From an epistemological position, I am of the opinion that my subjective perceptions of those schools under study will permit me, as the researcher, to supply an exhaustive overview of the SMTs’ personal encounters in their teachers’ CPD. In view of this assertion, literature has proposed that members of the SMTs’ extensive instructional leadership enactment, to be a viable instrument in assisting teachers to grow increasingly confident, innovative and conscious of performing exceptionally well in the classroom so that their learners become the recipients of their talents (Yu, 2009). Together with this, school leader’s inter-subjective, philosophical views and attached meanings to their actions in their interactions with teachers, their peers and learners under their care (Creswell (2014), would form part of this inquiry.

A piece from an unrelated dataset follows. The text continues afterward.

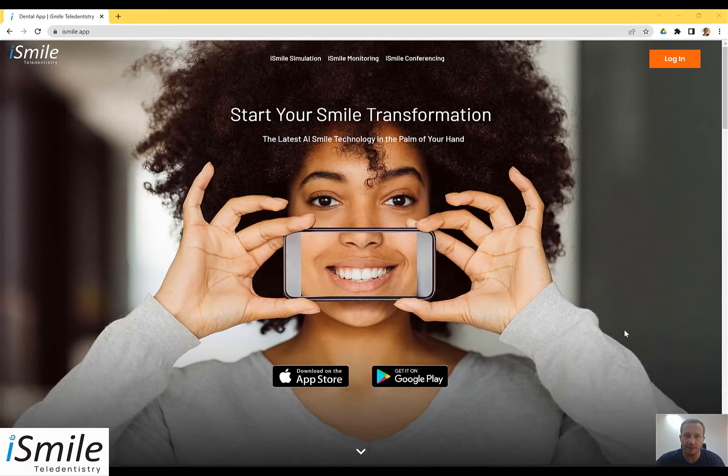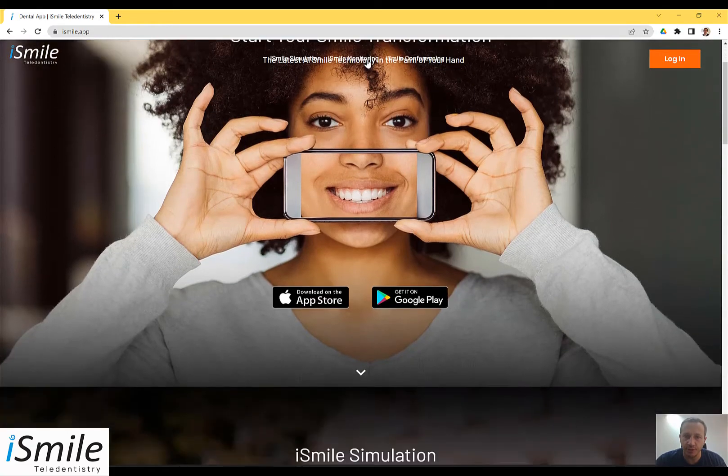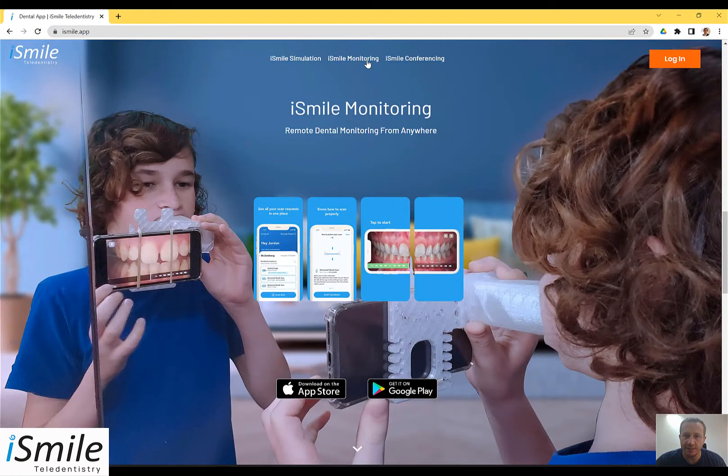Hello and welcome to iSmile Tel Dentistry. iSmile Tel Dentistry is a new dental technology app that brings the latest AI Smile technology directly to your cell phone, directly to the palm of your hand. My name is Michael from iSmile and in this video I'm going to be showing you how to use iSmile monitoring to use your cell phone to scan and take photos of your teeth.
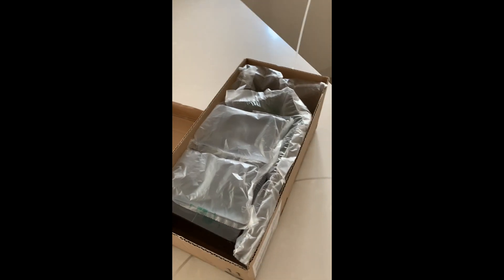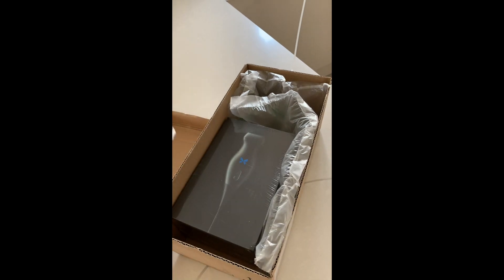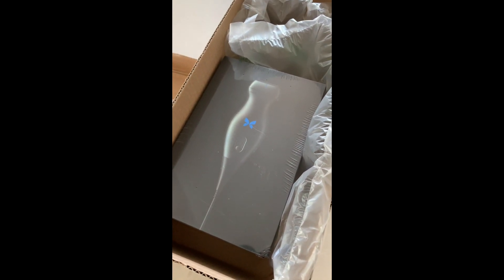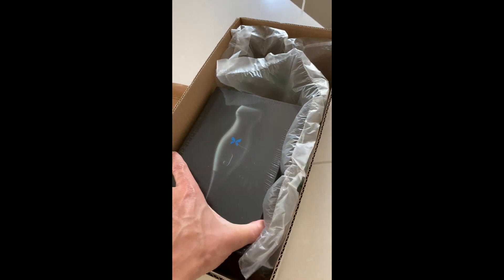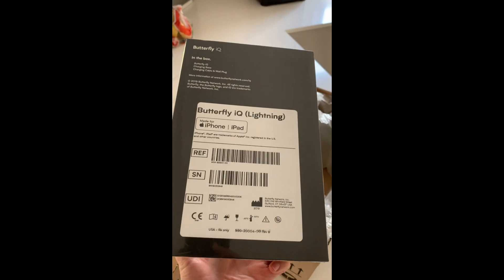Well, whatever it is, it's wrapped in bubble wrapping. It's fragile. Oh my God, can you see that? It appears to be an ultrasound probe. The Butterfly. I just can't express my excitement enough. There it is. It's arrived!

Taking into consideration the argument that premium, worthy and well-executed PD enterprises serve as a foundation for schools’ instructional change (Blasé, et al., 2010), this chapter will now focus on three areas, being the conceptualisation of instructional leadership, the enactment of instructional leaders in the professional development of teachers, and the impact of instructional leadership on learner achievement leading to school improvement.